In the case of Sarabjit Rick Singh vs. Union of India (Supra), the Supreme Court has considered the scope and power of Extradition Magistrate. In para 35 of the report, it was held as under :
’35. In a proceeding for extradition no witness is examined for establishing an allegation made in the requisition of the foreign State. The meaning of the word “evidence” has to be considered keeping in view the tenor of the Act. No formal trial is to be held. Only a report is required to be made. The Act for the aforementioned purposes only confers jurisdiction and powers on the Magistrate which he could have exercised for the purpose of making an order of commitment. Although not very relevant, we may observe that in the Code of Criminal Procedure, 1973, the powers of the committing Magistrate has greatly been reduced. He is now required to look into the entire case through a very narrow hole. Even the power of discharge in the Magistrate at that stage has been taken away.’
In the case of Kamlesh Babulal Aggarwal vs. Union of India & Anr. (Supra), it was held that while holding an inquiry under Section 7 of The Extradition Act, 1962, the Magistrate is entitled to take evidence on all aspects other than as to whether the offence is of political character or not and/or is an extradition offence or not and that the other evidence would be as to the existence of a prima facie case.
20. While dealing with ‘what prima facie means’ and the scope of inquiry under Section 7 of The Extradition Act, 1962, which lays down procedure before the Magistrate, it was further observed as under :-
’12. “Prima facie” has a definite connotation in law. It is defined as “at first sight” or “accepted as so until proved otherwise” or “on face of it”, or “so far as it can be judged from the first disclosure.” The prima facie case will prevail until contradicted and overcome by other evidence. While determining whether a prima facie case has been made out, the relevant consideration is whether on the evidence laid it was possible to arrive at the conclusion in question.
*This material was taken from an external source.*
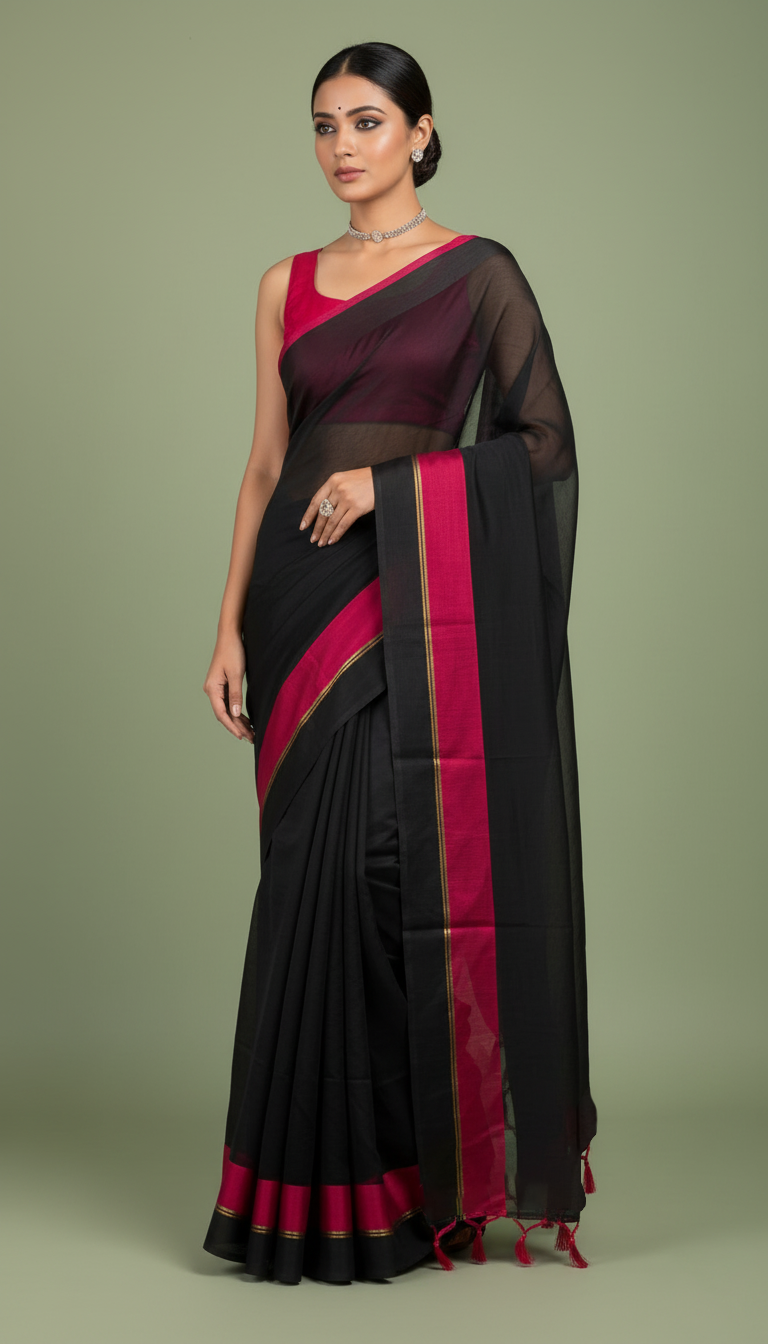 S O N A L I || Black Mull Cotton Saree with Red Border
The petitioner, as aforesaid, while referring to the Schtrak case relied upon a passage in the judgment of Lord Reid only. In the judgment of Lord Hodson it is held that committal under the Extradition Act is on the same footing as committal for trial by a Magistrate in an ordinary case.
14. The Division Bench of this Court in Charles Sobhraj case (29) (1986) DLT 410 also held that the entire jurisdiction under the Act vested in the Magistrate is restricted to find out whether there is a prima facie case and that there is no further power vested in the Magistrate. It is perhaps for this reason that the Division Bench of this Court in Nina Pillai case held that the position was fairly well settled.
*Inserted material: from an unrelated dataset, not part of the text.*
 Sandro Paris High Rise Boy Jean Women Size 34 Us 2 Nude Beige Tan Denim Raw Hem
15. In our opinion, the power of the Magistrate in conducting an inquiry under Section 7 of the Act is akin to framing of the charge under Section 228 of the Code of Criminal Procedure, 1973. At the stage of the framing of charge even a strong suspicion founded upon material and presumptive opinion would enable the court in framing a charge against the accused. At that stage, the court possess wider discretion in the exercise of which it can determine the question whether the material on record is such on the basis of which a conviction can be said reasonably to be possible. The requirement of Section 228 also is of a prima facie case. Sufficiency of evidence resulting into conviction is not to be seen at that stage and which will be seen by the trial court. At that stage meticulous consideration of materials is uncalled for. The persons who are not examined by the original investigating agency may be examined by another investigating agency to make the investigation more effective. The materials so obtained could also be used at trial. The court is not required to appreciate the evidence and arrive at the conclusion that the materials produced are sufficient or not for convicting the accused. If the court is satisfied that a prima facie case is made out for proceeding further, then a charge has to be framed. The sifting of evidence at this stage is permissible only for a limited purpose to find out a prima facie case but the court cannot decide at this stage that the witness is reliable or not. At the stage of framing of charge, evidence is not to be weighed. The court is not to hold an elaborate inquiry at that stage.
16. Section 7 (3) and (4) of the Act in fact require a prima facie case only “in support of requisition”. Reading the said provision Along with Section 29, we feel that the ambit of inquiry under Section 7 is in fact narrower than Section 228 CrPC and is limited to find that the fugitive is not being targeted for extraneous reasons.
17. This, according to us, is the test to be applied in conducting an inquiry under Section 7 of the Act and this is the ambit and scope of the inquiry and no more.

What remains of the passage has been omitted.